I dropped the checks completely now, since they seem rather
unnecessary.

[...]

> >>>  #define SVE_REG_SLICE_SHIFT	0
> >>>  #define SVE_REG_SLICE_BITS	5
> >>>  #define SVE_REG_ID_SHIFT	(SVE_REG_SLICE_SHIFT + SVE_REG_SLICE_BITS)
> >>> @@ -297,9 +372,21 @@ static int sve_reg_region(struct sve_state_region *region,
> >>>  static int get_sve_reg(struct kvm_vcpu *vcpu, const struct kvm_one_reg *reg)
> >>>  {
> >>>  	struct sve_state_region region;
> >>> +	int ret;
> >>>  	char __user *uptr = (char __user *)reg->addr;
> >>>  
> >>> -	if (!vcpu_has_sve(vcpu) || sve_reg_region(&region, vcpu, reg))
> >>> +	if (!vcpu_has_sve(vcpu))
> >>> +		return -ENOENT;
> >>> +
> >>> +	if (reg->id == KVM_REG_ARM64_SVE_VLS)
> >>> +		return get_sve_vls(vcpu, reg);
> >>> +
> >>> +	/* Finalize the number of slices per SVE register: */
> >>> +	ret = kvm_arm_vcpu_finalize(vcpu);
> >>
> >> Having this here feels a bit random...
> > 
> > I'll have another think about this.
> > 
> > KVM_REG_ARM64_SVE_VLS certainly has nothing to do with anything except
> > SVE, and putting it in the SVE coproc space allows us to demux SVE-
> > related stuff from everything else neatly.
> > 
> > The whole "coprocessor" concept is nonsense for arm64 anyway except
> > for the sysregs (where the reg ID encodings map directly onto the
> > architecture and also align with AArch32).  So, the copro number is
> > pretty meaningless except as a demux key for related groups of
> > registers, which is how I use it here.
> > 
> > There's also no well-defined distinction between real and fake
> > registers, and no natural home for miscellaneous fakes -- all existing
> > blocks are for specific purposes such as recording the state of emulated
> > firmware APIs etc.  The SVE registers as exposed here already have no
> > direct equivalent in the architecture either, due to the padding up to
> > 2048 bits, and the presentation of FFR as addressable P-register etc.
> > 
> >> I'd suggest considering the pseudo-register outside of the SVE co-proc,
> >> as part of a set of registers that do not finalize a vcpu when accessed.
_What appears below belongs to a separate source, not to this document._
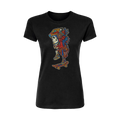 Tezcatlipoca Short Sleeve Women's T-Shirt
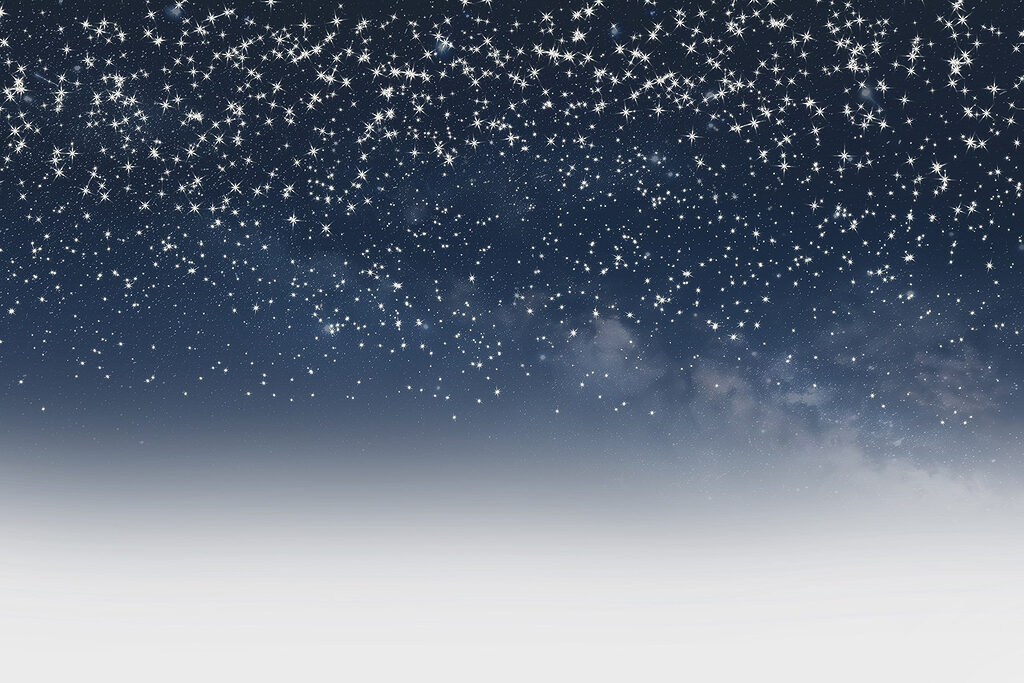 Pioggia di stelle — design completo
(Without a compelling alternative, I've kept KVM_ARM_ARM64_SVE_VLS in the
SVE copro for now, though this could still be changed if people feel
strongly about it.)

> > (Also, the dependency is not one-way:  _SVE_VLS is not independent
> > of finalization: quite the reverse -- it can only be written _before_
> > finalization.)
> > 
> >> All other registers (even non-sve ones) would finalize the vcpu when
> >> accessed from userland.
> > 
> > So, we could consider register to be in two classes as you suggest:
> > 
> >  * early registers
> >  * regular registers (i.e., everything else)
> > 
> > where early registers can only be written until the first access to a
> > regular register, or the first KVM_GET_REG_LIST or KVM_RUN.
> > 
> 
> That would be my personal preference, yes.

For comparison, we currently have

 * early registers (currently KVM_REG_ARM64_SVE_VLS)
 * late registers (currently KVM_REG_ARM64_SVE_{Z,P,FFR}*)
 * relaxed registers (everything else)

plus a couple of "late ioctls" that implcitly finalize (KVM_RUN,
KVM_GET_REG_LIST).

A write to an early register cannot follow a late ioctl or any access to
a late register.

I'm not convinced that's worse, but it's different.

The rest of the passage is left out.